When I bought this album, I thought I was buying an old-school doom record, in keeping with the heaviness of the Southern Lord roster. I had read, or, rather, misread, reviews of it, seeing the words dark, experimental and heavy. When I got home, and put it on during a January evening, after two or three minutes I slowly began to realise that this wasn’t the album I thought it was going to be, in a bad way. Is that a cello? Where’s the distortion? Is it all going to be like this? Are we there yet? Halfway through, I was ready to write it off as a disappointing buy, and consign it to the ‘albums bought in error’ section of the collection (Aerosmith’s Nine Lives, Pearl Jam’s Backspacer, and some other stuff I don’t want to talk about). By the time it ended, 46 minutes later, I thought it was great.
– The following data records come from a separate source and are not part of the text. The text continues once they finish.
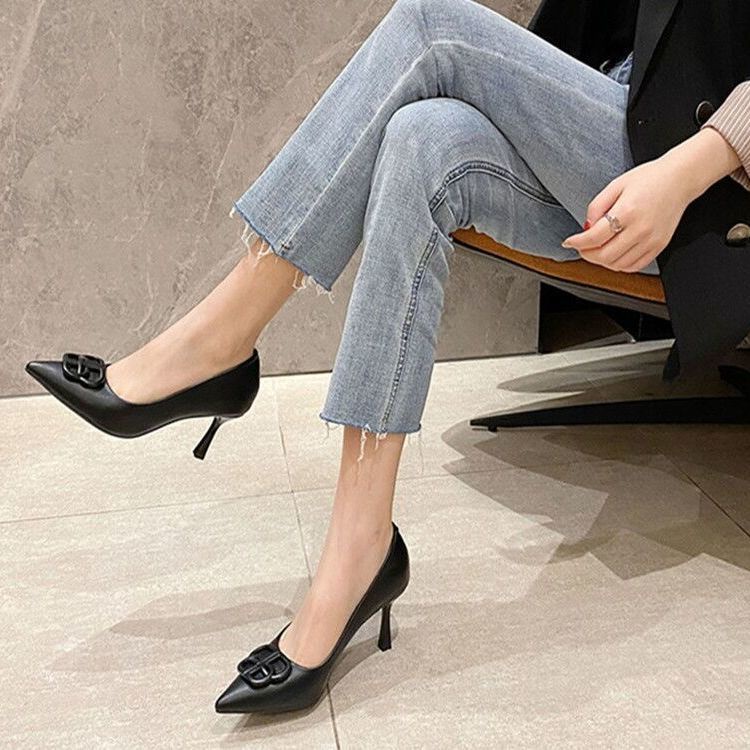 Giày Cao Gót Mũi Nhọn Màu Đen Phong Cách Pháp Thời Trang Xuân Thu 2022 Sang Trọng Cho Nữ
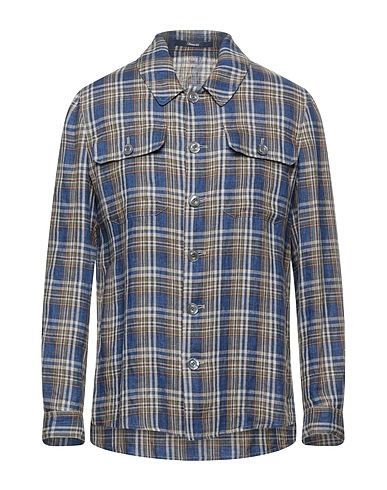 DRUMOHR チェック柄シャツ ブルー リネン 100%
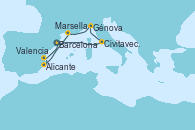 Visitando Barcelona, Civitavecchia (Roma), Génova (Italia), Marsella (Francia), Alicante (España), Valencia, Barcelona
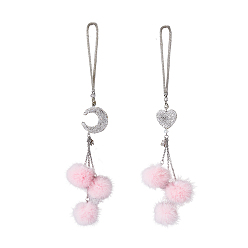 Mixed Shapes 2 шт 2 стиль стразы сердце и пушистый плюшевый шар подвеска для автомобиля, для автомобильного зеркала заднего вида и подвесных аксессуаров для салона автомобиля, разнообразные, 280 мм, 1 шт / стиль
It’s not a metal album, but it’s something that a fan of metal may well enjoy. It possesses heaviness, despite its instrumentation, and an intangible, yearning quality. Sigil Of Brass enters with a chiming, three note guitar intro, soft rolls of cymbals and swells of cellos, maintaining the same drifting speed throughout. There is a subtle and gradual build in intensity as it flows into His Teeth Did Shine Brightly, with two wavering guitar lines weaving across each other, backed by deep chords on the cello, which has a scraping, tactile quality. A Multiplicity Of Doors departs from the benignly wondering tone of the prior tracks in favour of an ominous gloom, with a minor guitar riff, rasping cello, downbeat bass and rattling percussion. The cello comes to the fore of this track, rough and twisting. The Corascene Dog enters with long, downbeat swells on the cello, and I am lost, wandering an uncertain path in the darkness, unclear how I got here or how to get out. In this space I find time to ask, why does this music work? It is mournful, but not depressing; other-worldly, but not bizarre; heavy, but light. I found it hard taking detailed notes on this album, and then to write about it at length, because it remains very similar throughout. However, despite this, it doesn’t feel static, and remains a captivating listen. It’s this sense of immersion that makes it a winter album; despite the warm production, it invokes walking through a field of snow in the dark, with the dark red sky overhead the only light on the narrow path. The artwork by Stacey Rozich is fittingly minimal but lush, depicting a demonic procession advancing through a deep, empty solitude, keeping in touch with the Biblical and alchemic references of the song titles (which reminds me, if anyone can tell me what a Corascene Dog is, it would be much appreciated).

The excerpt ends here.